I wish to say that I cannot add one word to what has fallen from my hon. and gallant Friend the Member for Huntingdon (General Peel), or from my hon. Friend the Under Secretary for War. I feel that I should only weaken the able manner in which they have dealt with the case were I to follow them into that part of the question; but with respect to what has fallen from the hon. Member for Aylesbury (Mr. Layard) as regards a gallant relative of mine, Colonel Cuninghame, Brigadier General of the Turkish Contingent, that hon. Gentleman has ventured to characterise his appointment as neither more nor less than a job. Now, I must remark that Colonel Cuninghame has seen service in the Chinese campaign under Lord Gough, that he was at Alma and Inkerman on the Quartermaster General's staff; and I venture to say that if you were to ask my Lord Raglan or his Royal Highness the Duke of Cambridge, to whose division he was attached, they would tell you that Colonel Cuninghame is a most excellent officer. Therefore, when the hon. Member for Aylesbury throws in my teeth the appointment of Colonel Cuninghame, I reply that my relative has justly and deservedly received his promotion, and defy him to call it in question. The hon. Member for Aylesbury, in his speech at Liverpool, seems to have dealt in inaccuracies of no common order. He said no officer had been appointed to the staff in the Crimea who had taken a first-class certificate at Sandhurst, with one exception—namely, Major Ewart. Now, Major Ewart is a most excellent officer, and owes his appointment to his merits alone; but it so happens that Major Ewart did not take a first-class certificate, although he got what is called a special certificate for proficiency. There are no less than five gallant officers on the staff in the Crimea now who took first-class certificates at Sandhurst, and I will name them. They are—Colonel Cameron, Colonel Stirling, Major Hacket, Major Morris, and Major Sankey. Sir, I have done with the hon. Member for Aylesbury. I will leave this matter in the hands of the House, who will doubtless form their own opinion as to who is right and who is wrong, and whether or not the transaction alluded to is scandalous.

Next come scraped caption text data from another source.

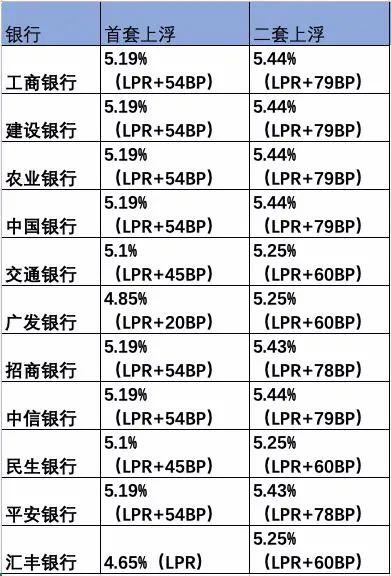 香港二四六开奖免费结果一,准确资料解释落实_经典版172.312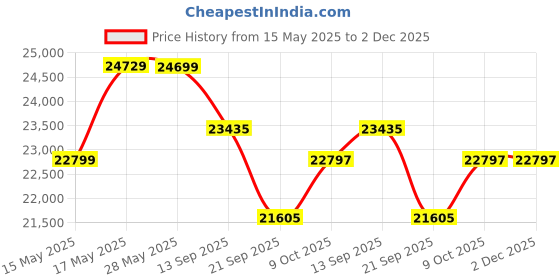 flipkart.com luminous Zelio+1100 V2 Inverter_RC 24000 Battery_Trolley Tubular Inverter Battery luminous Price History Graph from 15 May 2025 to 2 Dec 2025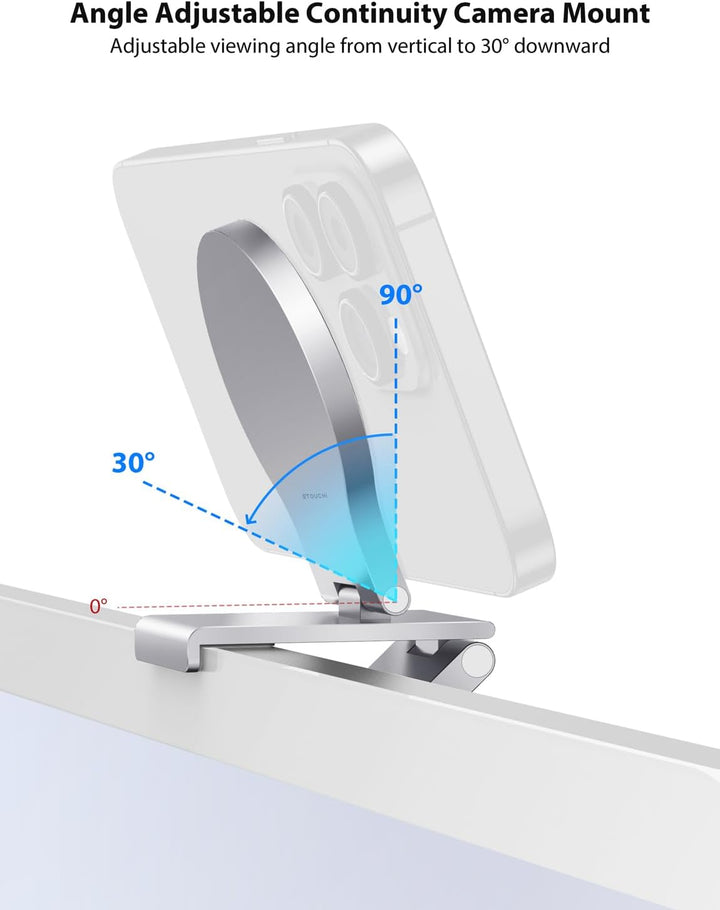 Stouchi Continuity Camera Mount für iMac, Desktop Monitor,Einstellbarer Winkel iPhone Monitor Halter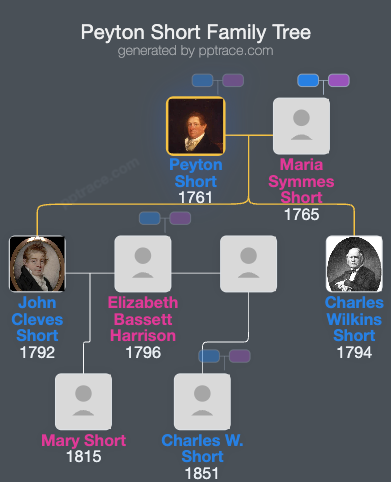 Peyton Short family tree overview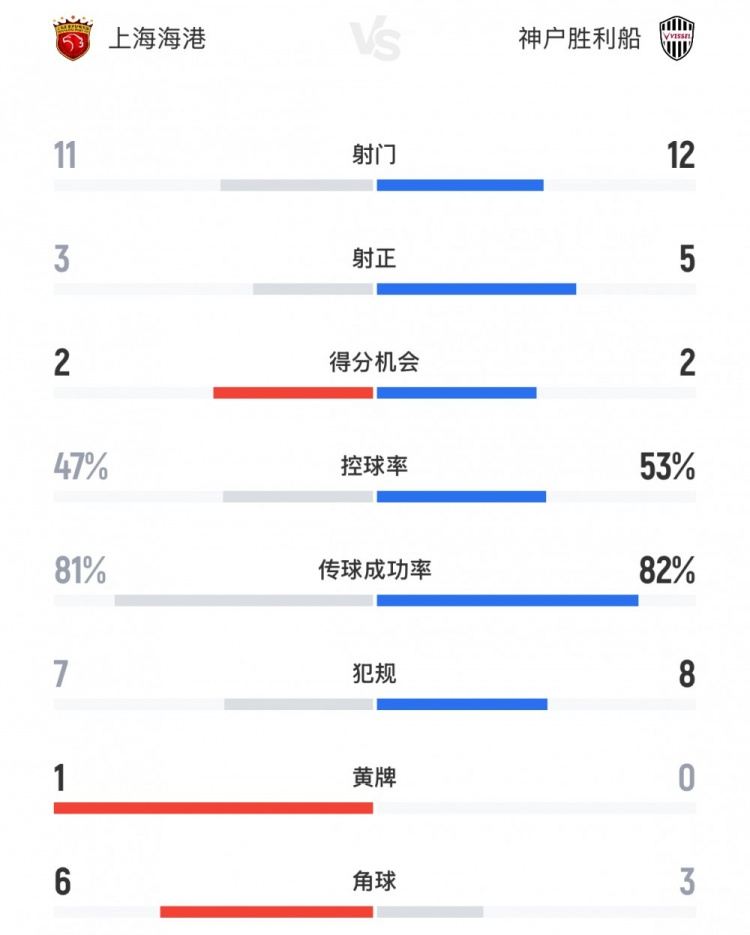 海港vs神户全场数据：射门11-12，射正3-5，控球率47%-53%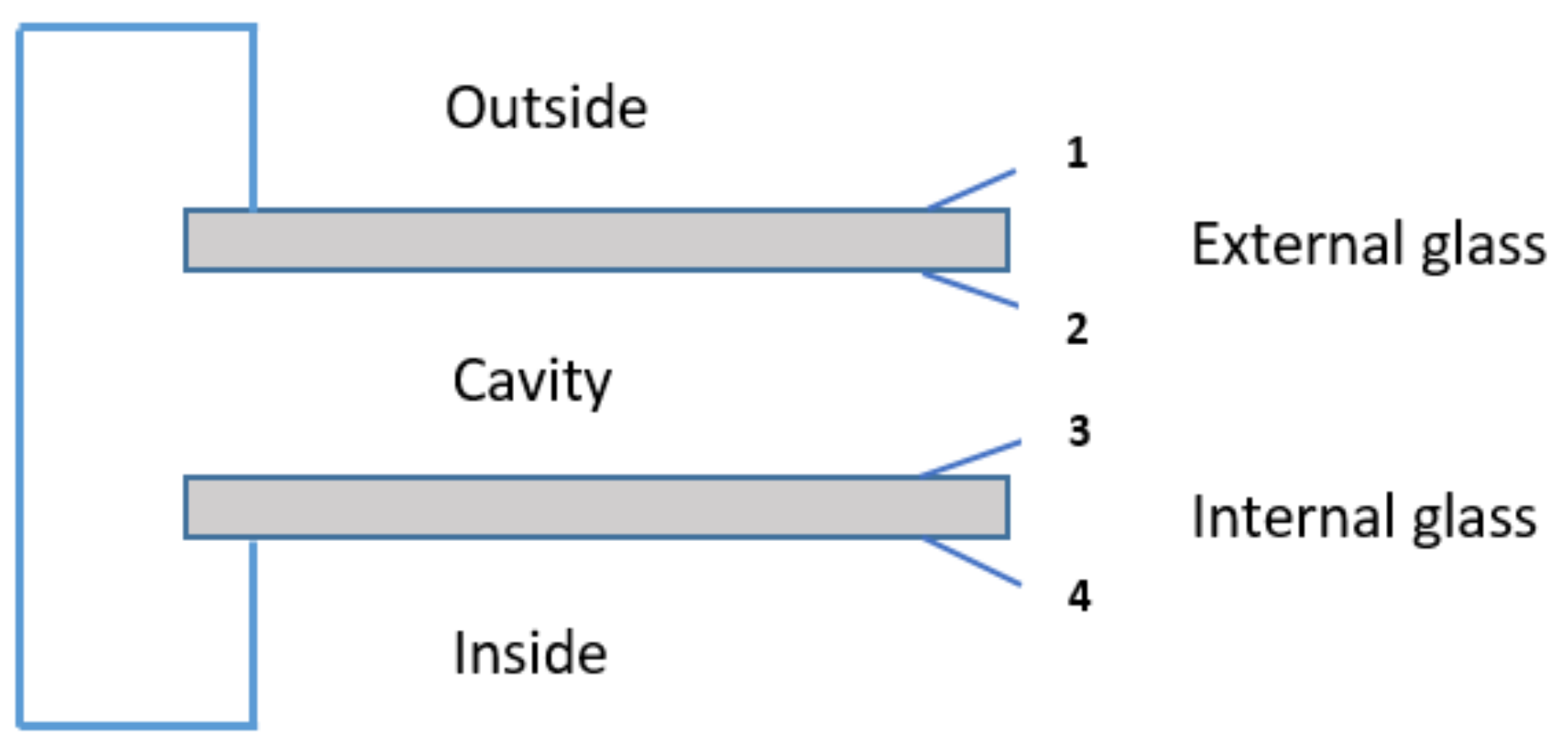 Energies 14 07584 g001 550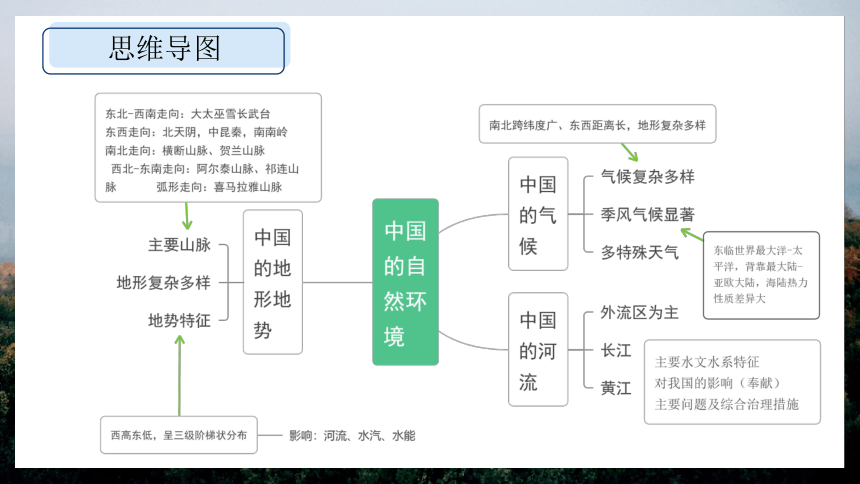 第二章+中国的自然环境（复习课件）-2022-2023学年八年级地理上学期期中期末考点大串讲（湘教版）(共36张PPT)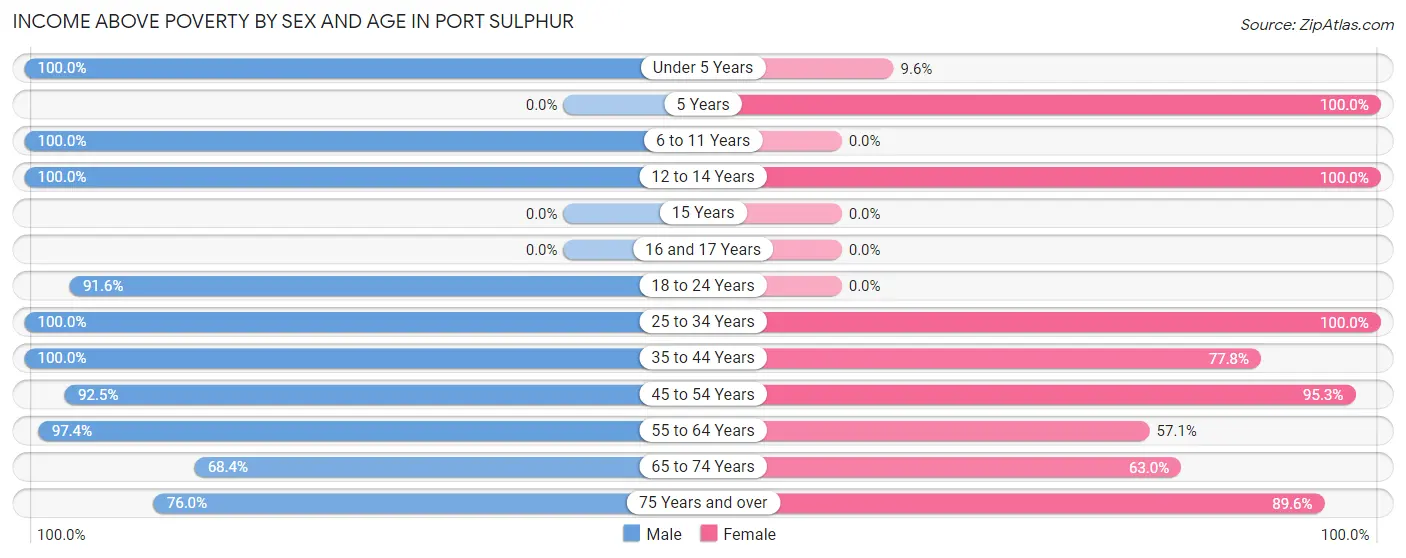 Income Above Poverty by Sex and Age in Port Sulphur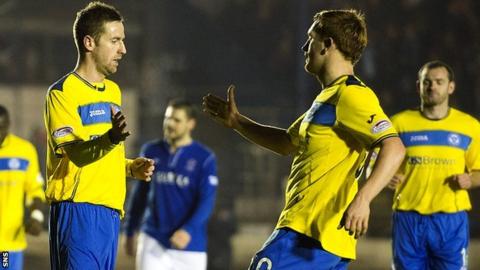St Johnstone v Cowdenbeath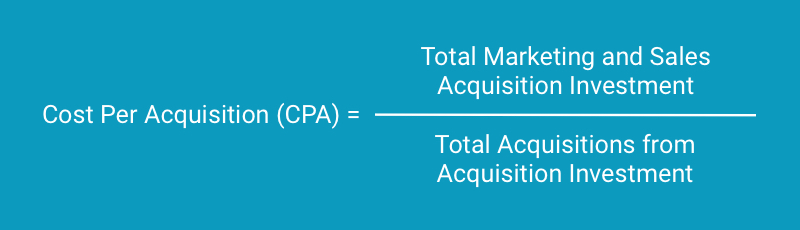 Cost per acquisition formula - lead generation metrics and KPIs.png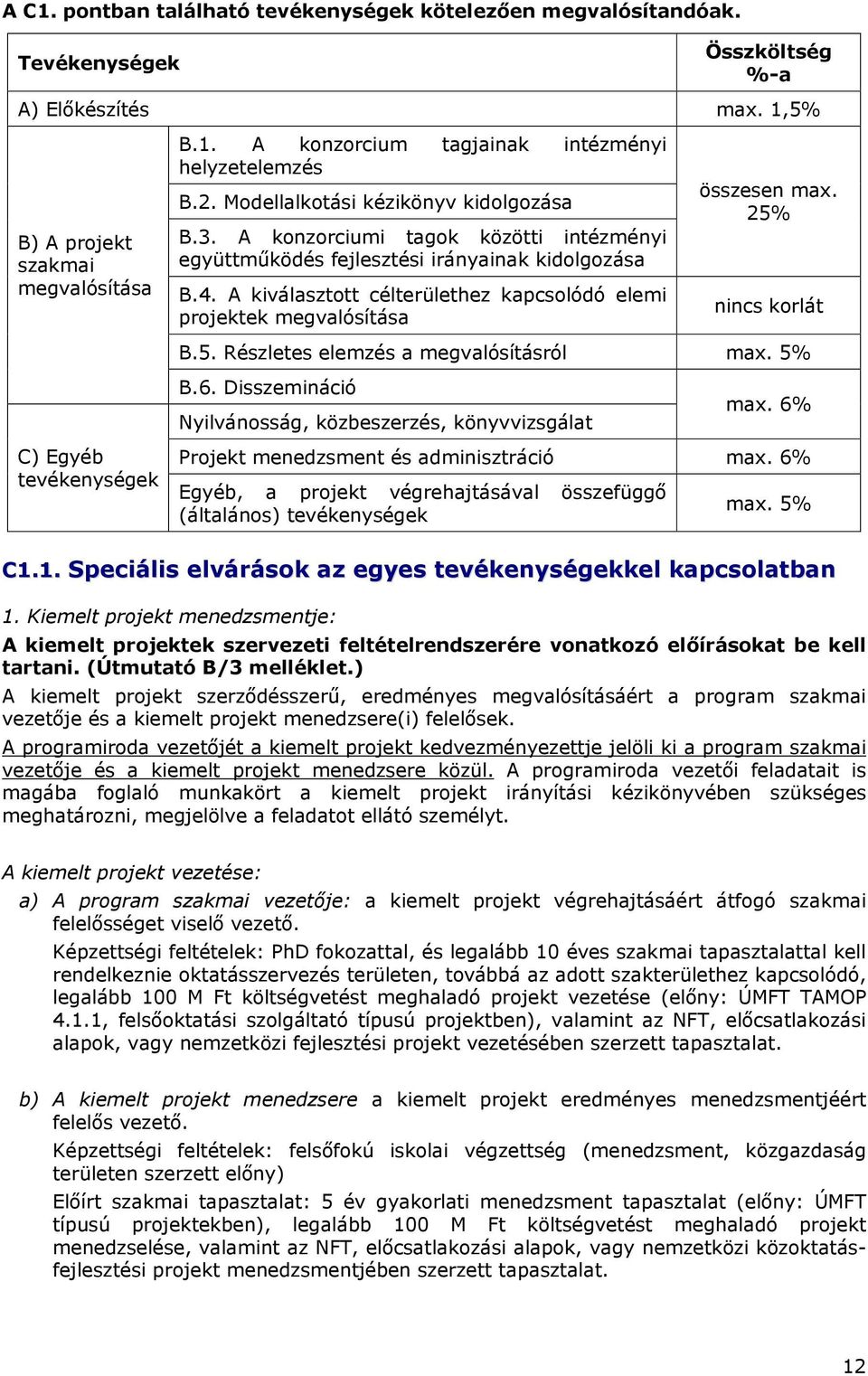 A kiválasztott célterülethez kapcsolódó elemi projektek megvalósítása összesen max. 25% nincs korlát B.5. Részletes elemzés a megvalósításról max. 5% B.6.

said, that those who were acquainted with the rules of the army knew that the appointments and promotions in the three regiments of Foot Guards did not rest with the Commander in Chief, but with the colonels of those regiments. He was authorised by Lord Strafford, the colonel of the Coldstream Guards, to say that whatever responsibility attached to the appointments and promotions which had been so much canvassed, rested with him, and him alone; and that he was fully prepared at all times and all seasons to justify them, according to the existing military regulations and the well-known precedents applicable to each individual case.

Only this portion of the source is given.